週末に開催された「南米日本語教育シンポジウム2017」を取材して、いろいろ考えさせられた。特に「南米日系社会における複言語話者の日本語使用特性の研究」(H28―32科研費、代表=松田真希子・金沢大学)という大きなプロジェクトが始まっていると聞き、調査される側として実にありがたいと感じた。
「複言語話者」(バイリンガル)という存在は、移民社会を理解するための最も根本的な要素だと思う。移民家庭では家庭内に国境線がひかれる。この意味が、みじかでない人には分かりにくい。親は祖国の言語社会を中心として生き、移住先国の国籍を持った子は現地の言語社会が中心になるからだ。

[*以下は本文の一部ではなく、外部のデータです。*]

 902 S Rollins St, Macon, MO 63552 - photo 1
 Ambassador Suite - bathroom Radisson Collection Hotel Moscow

家庭のど真ん中に言語・国籍・文化の巨大な裂け目が現れる。理屈ではない。言葉以前の感性、笑いのツボや「常識」のレベルで明らかに異なる。その橋渡しをするのが「複言語話者」で、一世が堪能な場合は少なく、おもに二世がそれを担う。
二世は二つの文化を理解する宿命を抱え、その分、生まれつき強いストレスを抱えた世代になる。反面、語学の天才が生まれやすい稀有な世代だ。

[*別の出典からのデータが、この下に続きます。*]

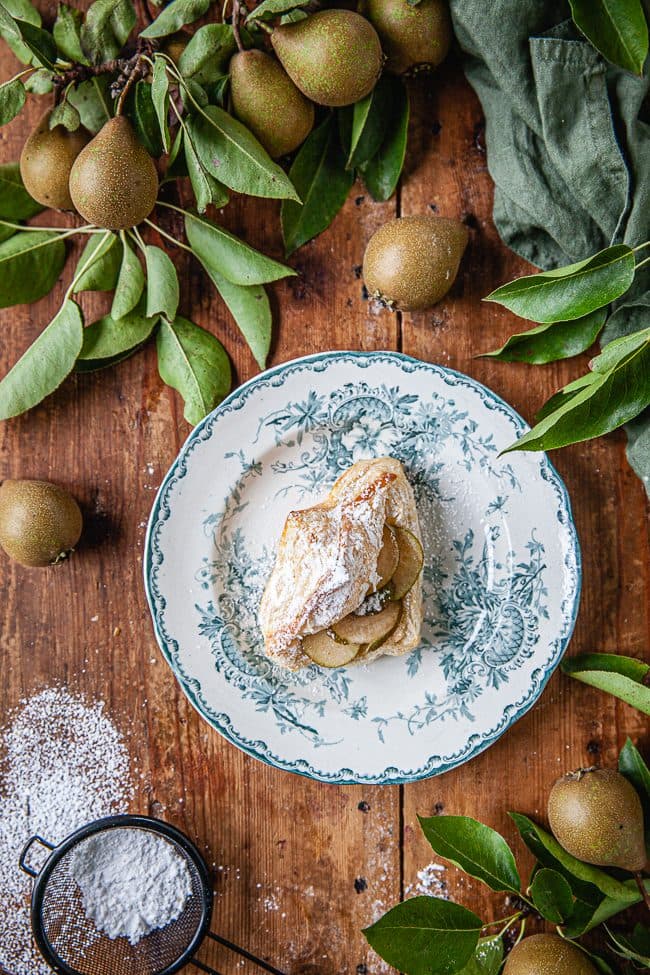 Snabba croissanter med vaniljkräm och päron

「家庭は文化の箱舟」とは常々言われる。人類の移動と共に直面してきた、古くてダイナミックな現象が「移住」だ。
弊紙前編集長の吉田尚則からは「移民は壮大な民族学的実験だ」と常々聞かされてきた。移民史は、プレートに培地を作って細菌を移植して観察する生物学の観察手法に似ている。
日本社会の一部を、ヨーロッパ文明を基調とした「ブラジル」培地に植付けて100年がかりで培養する中で、「日本人」という種がどう振る舞うかを観察する―という行為が移民史だと思う。
「日本人」という菌は、培地にもともとあった圧倒的に優位な菌「ブラジル人」と格闘をくりかえして、自分のDNA(文化、言語)をできるだけ保存しようとしてきた。その過程を一つ一つ解き明かしていくのが移民史だ。
ところが、いまだにどうやって「移住」を上手に行うかというマニュアルはない。カギとなるのは子孫の教育だが、いまも手探りでやっている。
「一世はどう異文化に適応するか」「複言語話者をどう育てるか」というのは、本当に難しいテーマだ。
ブラジルという強力な同化志向を持つ社会、いわば「猛獣」と、移民はいままで素っ裸、丸腰状態で、ただやみくもに四つに組んで格闘してきた。何の戦略も理論もなく、ただ試行錯誤を重ねてきた。
今回の研究が、そんな移民の体験を学術的に体系化、理論化してくれ、後世のために役立つ形にしてくれるのであれば、今までの苦労は報われる。今までの数限りない涙なしに語れない失敗談が、将来の糧となる。今後、移住する人たちは理論武装した状態で、移住という難しい課題に取り組むことが出来る。
今回の発表を聞いていて思ったが、この研究グループであれば、日本国内にいるデカセギ日系人と、南米のコロニアを一体のものとして見てくれるはずだ。
今までの研究者の多くからは「日本側は日本側、南米は南米」という見方を感じた。我々からしてみれば、在日日系社会と南米のそれは一体だ。「越境しているかどうか」だけの差で、まったく同じ人間といえる。
同様に、日本の地方自治体は公立小中学校の多くは外国人児童・生徒の問題を「地方の教育課題」として考えている気がする。
だが、それはブラジルでは「外交問題」や「民族問題」だ。在日ブラジル児童の教育の問題は上院でも公聴会が行われた。こちらでも社会問題化している。日本ローカルなものではなく、すでにグローバルな問題として認識されている。両方の視点が必要な時代だ。
「移民家庭が幸せな人生を送るにはどうしたらいいか」という問題は、本質的にグローバルな問いかけだ。
欧州しかり米国しかり、「人の移動」をどう制限し、どうサボートするか。どんな社会であれば、受け入れ先も移民家庭もストレスが少なく、将来的に国際的に有為な人材が育ちやすいか。